The Ratchet Tumbler

It was around 4am in the morning. I was pushing it for the night, trying to make an even $350.00, after being beaten over the head with a 20% takeaway from my rideshare company.

I got summoned to a residence in Santa Monica.

As I pulled up , this 5’6, white, Barbie looking girl is sneaking out of the house.

The first thing I notice, is her hair. Neatly slicked to the side on one side, but wildly tangled to the other. A bun undone.

She carefully closes the door behind her, and starts to walk down the steps.

Did I mention she’s wearing what had to have been 4 inch heals?

Well, she makes it down the fist step.  She almost makes it down the second step, and then her right foot starts to wobble, causing her to tumble into the bushes.

As our girl gets up out of the bushes, she quickly does a one over on her self, brushes her self off and starts to walk toward my car, as if nothing had happened.

While walking to the car, at first I thought she was limping. Upon further inspection, I noticed that she was actually missing a shoe. It was kind of like watching someone on a merry go round as she got closer and closer to my car.

Then… sudden impact. I’m not sure what she tripped on, but her face impacted on my window, leaving a streak of lipstick smeared as far as her face moved down.

Again, it was as if I wasn’t there to her… Mind you I’m laughing somewhat hard.  She got up , brushed her self off,  looked down, noticed she was missing her shoe. She didn’t take off her other shoe,  instead proceeds in the opposite direction of my car to retrieve the lost one… Up and down , up and down etc…

Once our little ratchet tumbler has picked up her shoe, she ends up turning around and walking back towards the car. She still hasn’t realized she has the other shoe on.

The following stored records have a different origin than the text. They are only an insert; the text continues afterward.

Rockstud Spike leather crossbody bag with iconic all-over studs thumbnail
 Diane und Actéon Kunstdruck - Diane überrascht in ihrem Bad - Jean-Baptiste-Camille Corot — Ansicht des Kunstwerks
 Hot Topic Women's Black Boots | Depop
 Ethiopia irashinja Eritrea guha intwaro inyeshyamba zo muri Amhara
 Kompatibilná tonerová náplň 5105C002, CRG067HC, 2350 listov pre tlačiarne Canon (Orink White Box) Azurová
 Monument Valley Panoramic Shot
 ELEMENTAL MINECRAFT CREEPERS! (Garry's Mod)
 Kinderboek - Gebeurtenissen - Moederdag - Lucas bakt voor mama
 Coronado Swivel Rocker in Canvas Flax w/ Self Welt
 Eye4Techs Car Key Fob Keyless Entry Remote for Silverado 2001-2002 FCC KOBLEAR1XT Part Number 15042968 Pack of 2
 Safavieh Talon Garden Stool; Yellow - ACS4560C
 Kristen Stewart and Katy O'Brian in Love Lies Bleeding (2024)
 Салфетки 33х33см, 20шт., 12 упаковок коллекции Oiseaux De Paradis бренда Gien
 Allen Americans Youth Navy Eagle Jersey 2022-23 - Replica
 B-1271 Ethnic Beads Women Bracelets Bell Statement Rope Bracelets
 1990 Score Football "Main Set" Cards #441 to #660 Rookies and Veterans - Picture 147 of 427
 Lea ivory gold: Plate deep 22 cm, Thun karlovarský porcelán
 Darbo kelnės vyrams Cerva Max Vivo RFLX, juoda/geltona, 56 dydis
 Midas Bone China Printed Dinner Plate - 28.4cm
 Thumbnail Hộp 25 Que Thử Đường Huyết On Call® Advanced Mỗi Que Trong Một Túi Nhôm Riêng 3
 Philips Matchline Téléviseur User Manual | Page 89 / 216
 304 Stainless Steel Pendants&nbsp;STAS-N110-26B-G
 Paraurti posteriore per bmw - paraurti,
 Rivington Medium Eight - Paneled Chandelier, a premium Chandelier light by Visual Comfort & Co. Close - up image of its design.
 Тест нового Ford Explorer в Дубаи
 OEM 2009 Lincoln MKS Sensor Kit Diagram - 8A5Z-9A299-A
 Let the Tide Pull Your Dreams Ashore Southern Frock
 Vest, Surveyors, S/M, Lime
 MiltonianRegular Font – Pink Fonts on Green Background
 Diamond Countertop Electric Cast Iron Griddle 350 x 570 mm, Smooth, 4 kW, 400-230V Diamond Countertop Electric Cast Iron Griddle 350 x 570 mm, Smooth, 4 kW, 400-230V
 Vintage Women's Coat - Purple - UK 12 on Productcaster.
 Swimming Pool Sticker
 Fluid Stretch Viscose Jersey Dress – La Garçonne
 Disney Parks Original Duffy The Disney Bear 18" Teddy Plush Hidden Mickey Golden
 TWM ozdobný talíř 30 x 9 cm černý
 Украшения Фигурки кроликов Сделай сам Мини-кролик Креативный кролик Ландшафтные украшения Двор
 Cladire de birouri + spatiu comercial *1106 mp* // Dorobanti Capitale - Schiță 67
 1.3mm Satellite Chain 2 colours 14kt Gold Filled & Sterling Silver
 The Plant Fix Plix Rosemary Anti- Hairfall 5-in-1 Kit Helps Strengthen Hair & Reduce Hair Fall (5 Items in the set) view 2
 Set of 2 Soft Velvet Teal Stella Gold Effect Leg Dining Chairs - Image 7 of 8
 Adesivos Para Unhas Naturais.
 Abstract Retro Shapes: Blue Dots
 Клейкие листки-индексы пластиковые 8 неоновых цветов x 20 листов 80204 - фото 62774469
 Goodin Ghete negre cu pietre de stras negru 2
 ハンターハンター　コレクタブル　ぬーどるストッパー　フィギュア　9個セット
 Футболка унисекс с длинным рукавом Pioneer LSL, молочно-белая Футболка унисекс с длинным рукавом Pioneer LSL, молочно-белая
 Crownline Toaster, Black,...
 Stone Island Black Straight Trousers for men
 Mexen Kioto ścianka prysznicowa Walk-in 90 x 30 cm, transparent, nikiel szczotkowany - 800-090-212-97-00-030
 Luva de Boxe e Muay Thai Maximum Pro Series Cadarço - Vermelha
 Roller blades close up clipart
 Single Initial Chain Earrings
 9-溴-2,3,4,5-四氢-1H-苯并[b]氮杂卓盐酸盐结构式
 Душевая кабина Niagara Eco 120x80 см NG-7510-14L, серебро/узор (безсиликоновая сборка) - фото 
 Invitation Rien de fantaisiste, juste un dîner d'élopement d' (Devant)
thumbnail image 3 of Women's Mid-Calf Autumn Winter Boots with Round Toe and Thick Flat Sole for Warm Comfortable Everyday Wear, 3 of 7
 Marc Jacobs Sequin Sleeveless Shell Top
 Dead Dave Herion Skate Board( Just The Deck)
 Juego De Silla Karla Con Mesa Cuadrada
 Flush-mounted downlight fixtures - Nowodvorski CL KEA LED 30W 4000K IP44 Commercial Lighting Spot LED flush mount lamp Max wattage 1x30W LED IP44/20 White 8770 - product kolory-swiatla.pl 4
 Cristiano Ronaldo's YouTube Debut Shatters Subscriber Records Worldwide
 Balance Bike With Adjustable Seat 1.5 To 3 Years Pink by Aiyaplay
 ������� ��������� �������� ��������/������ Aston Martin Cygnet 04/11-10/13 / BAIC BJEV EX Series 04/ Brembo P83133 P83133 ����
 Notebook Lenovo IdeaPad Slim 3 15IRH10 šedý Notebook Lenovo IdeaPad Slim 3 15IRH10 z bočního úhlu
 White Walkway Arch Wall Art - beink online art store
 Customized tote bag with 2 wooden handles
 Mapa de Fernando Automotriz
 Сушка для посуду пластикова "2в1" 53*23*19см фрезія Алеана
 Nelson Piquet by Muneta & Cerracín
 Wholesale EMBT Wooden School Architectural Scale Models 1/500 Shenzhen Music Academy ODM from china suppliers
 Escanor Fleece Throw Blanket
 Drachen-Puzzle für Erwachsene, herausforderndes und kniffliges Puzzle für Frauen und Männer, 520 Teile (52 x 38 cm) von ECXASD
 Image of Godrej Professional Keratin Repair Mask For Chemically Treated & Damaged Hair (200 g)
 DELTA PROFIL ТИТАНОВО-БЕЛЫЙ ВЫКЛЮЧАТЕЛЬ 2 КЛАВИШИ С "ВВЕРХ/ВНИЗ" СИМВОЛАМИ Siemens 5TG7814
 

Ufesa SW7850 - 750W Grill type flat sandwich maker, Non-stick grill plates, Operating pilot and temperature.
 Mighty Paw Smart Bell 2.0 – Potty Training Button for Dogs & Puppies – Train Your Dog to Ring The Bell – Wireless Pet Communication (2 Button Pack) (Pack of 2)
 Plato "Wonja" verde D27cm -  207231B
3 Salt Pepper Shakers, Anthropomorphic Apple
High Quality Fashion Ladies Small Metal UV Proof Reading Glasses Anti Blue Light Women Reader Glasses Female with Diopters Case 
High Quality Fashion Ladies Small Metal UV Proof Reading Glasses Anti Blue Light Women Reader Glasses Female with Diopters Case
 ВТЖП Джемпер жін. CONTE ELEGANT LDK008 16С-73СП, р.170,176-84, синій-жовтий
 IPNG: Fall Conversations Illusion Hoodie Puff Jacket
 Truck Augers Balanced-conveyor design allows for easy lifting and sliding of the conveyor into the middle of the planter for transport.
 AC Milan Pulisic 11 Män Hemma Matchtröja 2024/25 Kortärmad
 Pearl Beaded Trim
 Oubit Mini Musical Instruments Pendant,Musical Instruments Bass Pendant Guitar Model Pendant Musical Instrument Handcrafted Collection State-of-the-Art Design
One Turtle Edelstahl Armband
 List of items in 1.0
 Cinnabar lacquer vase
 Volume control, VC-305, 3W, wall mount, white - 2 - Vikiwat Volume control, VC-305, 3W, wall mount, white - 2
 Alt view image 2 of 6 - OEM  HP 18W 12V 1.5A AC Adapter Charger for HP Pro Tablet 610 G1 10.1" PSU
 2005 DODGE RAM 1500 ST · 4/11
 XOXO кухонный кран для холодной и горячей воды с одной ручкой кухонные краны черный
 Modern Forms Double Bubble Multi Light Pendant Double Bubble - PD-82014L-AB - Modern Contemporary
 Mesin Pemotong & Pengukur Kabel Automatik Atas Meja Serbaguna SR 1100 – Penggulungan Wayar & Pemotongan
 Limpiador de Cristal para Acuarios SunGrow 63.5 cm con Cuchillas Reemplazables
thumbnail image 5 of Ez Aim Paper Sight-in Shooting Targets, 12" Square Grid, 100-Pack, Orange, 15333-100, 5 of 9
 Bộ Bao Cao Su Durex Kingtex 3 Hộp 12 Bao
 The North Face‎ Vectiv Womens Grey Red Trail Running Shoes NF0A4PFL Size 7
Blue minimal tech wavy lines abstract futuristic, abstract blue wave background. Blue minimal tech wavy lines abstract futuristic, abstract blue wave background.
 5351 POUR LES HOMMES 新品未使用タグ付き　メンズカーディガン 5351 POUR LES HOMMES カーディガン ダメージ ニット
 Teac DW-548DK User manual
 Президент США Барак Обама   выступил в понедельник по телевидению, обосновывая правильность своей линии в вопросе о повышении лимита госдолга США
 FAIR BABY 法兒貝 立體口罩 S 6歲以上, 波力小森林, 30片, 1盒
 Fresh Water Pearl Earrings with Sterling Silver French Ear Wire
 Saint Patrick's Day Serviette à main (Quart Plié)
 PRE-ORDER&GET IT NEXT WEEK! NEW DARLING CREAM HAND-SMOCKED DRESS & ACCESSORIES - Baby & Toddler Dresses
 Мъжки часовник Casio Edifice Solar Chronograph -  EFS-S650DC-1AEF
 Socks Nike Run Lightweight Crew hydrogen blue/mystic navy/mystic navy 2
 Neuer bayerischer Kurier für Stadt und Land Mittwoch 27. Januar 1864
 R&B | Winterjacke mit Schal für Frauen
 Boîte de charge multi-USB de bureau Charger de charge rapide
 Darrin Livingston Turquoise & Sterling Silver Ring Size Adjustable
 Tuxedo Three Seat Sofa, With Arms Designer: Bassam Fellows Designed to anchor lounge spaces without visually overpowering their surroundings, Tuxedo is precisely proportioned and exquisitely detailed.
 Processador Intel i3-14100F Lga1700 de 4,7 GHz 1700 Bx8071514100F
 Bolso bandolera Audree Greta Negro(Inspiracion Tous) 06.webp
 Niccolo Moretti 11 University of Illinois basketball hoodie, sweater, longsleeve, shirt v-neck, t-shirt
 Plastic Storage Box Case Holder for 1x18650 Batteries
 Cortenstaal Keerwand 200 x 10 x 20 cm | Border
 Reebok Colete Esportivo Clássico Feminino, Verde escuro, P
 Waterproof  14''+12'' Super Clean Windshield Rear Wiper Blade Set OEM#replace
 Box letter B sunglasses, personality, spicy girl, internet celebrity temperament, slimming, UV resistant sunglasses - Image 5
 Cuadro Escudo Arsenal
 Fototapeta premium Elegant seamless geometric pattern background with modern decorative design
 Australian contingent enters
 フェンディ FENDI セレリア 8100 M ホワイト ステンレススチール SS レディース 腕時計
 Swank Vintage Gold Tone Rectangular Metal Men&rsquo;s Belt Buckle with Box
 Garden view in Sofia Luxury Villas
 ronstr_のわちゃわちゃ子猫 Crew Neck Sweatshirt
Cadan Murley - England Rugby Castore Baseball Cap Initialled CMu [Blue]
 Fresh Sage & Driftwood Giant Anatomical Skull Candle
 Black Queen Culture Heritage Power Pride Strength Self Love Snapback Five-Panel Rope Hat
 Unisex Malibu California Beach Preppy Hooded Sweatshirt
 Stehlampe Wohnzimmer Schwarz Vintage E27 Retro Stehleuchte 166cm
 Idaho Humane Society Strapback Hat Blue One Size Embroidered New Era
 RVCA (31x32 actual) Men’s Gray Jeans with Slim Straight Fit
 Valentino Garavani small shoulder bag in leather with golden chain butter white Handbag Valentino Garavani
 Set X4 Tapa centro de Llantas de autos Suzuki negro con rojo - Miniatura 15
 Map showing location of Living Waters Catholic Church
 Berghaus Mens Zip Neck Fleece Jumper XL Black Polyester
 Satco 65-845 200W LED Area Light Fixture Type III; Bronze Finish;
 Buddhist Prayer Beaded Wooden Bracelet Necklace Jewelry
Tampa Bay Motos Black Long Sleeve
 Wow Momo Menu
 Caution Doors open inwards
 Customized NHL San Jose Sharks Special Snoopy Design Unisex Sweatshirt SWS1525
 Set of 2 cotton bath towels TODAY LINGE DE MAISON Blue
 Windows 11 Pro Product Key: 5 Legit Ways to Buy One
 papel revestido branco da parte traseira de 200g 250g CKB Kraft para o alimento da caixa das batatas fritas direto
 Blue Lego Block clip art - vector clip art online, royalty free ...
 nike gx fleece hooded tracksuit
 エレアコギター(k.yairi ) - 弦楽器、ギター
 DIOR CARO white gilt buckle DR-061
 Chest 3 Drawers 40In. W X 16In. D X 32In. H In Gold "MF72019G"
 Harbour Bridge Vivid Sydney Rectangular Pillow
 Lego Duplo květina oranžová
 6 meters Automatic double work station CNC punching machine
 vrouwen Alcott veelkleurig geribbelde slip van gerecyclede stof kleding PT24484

Then, it was as if a dim light flickered for an instance behind her eyes, as she stopped, looked down really hard at her feet, and finally removed the other shoe.

When she finally sat back down in my car, looking at the bemusement on my face… I really tried to hide it, but couldn’t…  She said only 3 words to me for the whole trip back to her place, “Don’t Judge Me”.

I was able to control my laugh that was trying to escape from me and took her home.

Just an after note, it’s very hard to get lipstick off the window of your car.